E’ il momento in cui subentra con il 30 % un nucleo di azionisti privati, riuniti nella Società Schemaventotto Spa che fa capo alla famiglia Benetton e che rappresenta, ancora, attualmente il socio forte del gruppo. Il restante 70% è sul mercato. Come ricorda Giorgio Ragazzi, autore qualche anno fa del saggio “I signori delle autostrade (Il Mulino), Schemaventotto nel 1999 versa 2,5 miliardi per rilevare il 30% della società finanziando l’investimento per 1,3 miliardi con capitali di rischio e il resto a debito. Poi, forte di incassi da pedaggi (11 miliardi) cresciuti negli anni del 21% con l’aumento del traffico a fronte di investimenti più contenuti (il 16% di quanto previsto), Schemaventotto lancia l’opa totalitaria del 2003 destinata a portarle la consistente maggioranza di Autostrade (l’84%, quota poi successivamente ridotta) per 6,4 miliardi, tramite una società veicolo poi fusa con Autostrade.

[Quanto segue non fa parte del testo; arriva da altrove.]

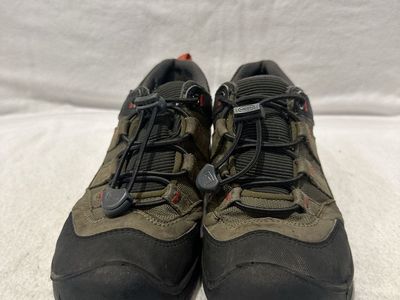 Keen youth size 2 olive/black with red trim waterproof hiking shoes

Nel corso del 2003, per un nuovo assetto organizzativo, le attività in concessione vengono separate dalle attività non autostradali e nasce Autostrade per l’Italia, controllata al 100% da Autostrade S.p.A., quella che oggi si chiama Atlantia, holding di partecipazioni quotata alla Borsa di Milano. Poi arriveranno le autostrade all’estero, la diversificazione nel settore aeroportuale e il tormentato dossier delle nozze con il gruppo spagnolo Abertis . Ma più che la storia societaria è la storia delle concessioni ad alimentare da anni il dibattito tra chi punta il dito su regole troppo generose. A regolare il sistema della concessione che affida la gestione della rete ad Autostrade è la Convenzione del 1997 (IV Atto Aggiuntivo) tra la società ed Anas che allunga considerevolmente i tempi prevedendo l'estensione della concessione dal 2018 al 2038. Poi dieci anni di dibattito politico, istituzionale ed economico con i vari Governi che si sono succeduti.
Nel 2004 diviene efficace un'integrazione secondo cui Autostrade per l'Italia si deve impegnare in un ulteriore piano di potenziamento della rete ma è il 2006 a puntare ancora i riflettori del sistema della concessione. Siamo sotto il Governo Prodi e il ministro delle Infrastrutture è Antonio di Pietro che oltre a bocciare le nozze con Abertis , vuole rivedere il tema delle concessioni e avvia un confronto con le varie società autostradali per arrivare a un accordo sui correttivi da inserire nella convenzione.
La Convenzione Unica tra Anas ed Autostrade, quella in vigore oggi e richiamata ripetutamente in questi giorni, venne sottoscritta il 12 ottobre 2007 ma è nel 2008 , con il Governo Berlusconi, che diviene efficace per legge. L'ultimo capitolo, conclusosi ad aprile di quest'anno, riguarda la proroga di 4 anni della concessione ad Autostrade per l'Italia, fino quindi al 2042, dopo un'interlocuzione tra il ministro Graziano Delrio (governo Renzi) e la Commissione Ue con il via libera di Bruxelles all'estensione della concessione a fronte dello sblocco di investimenti per alte opere applicando incrementi tariffari calmierati.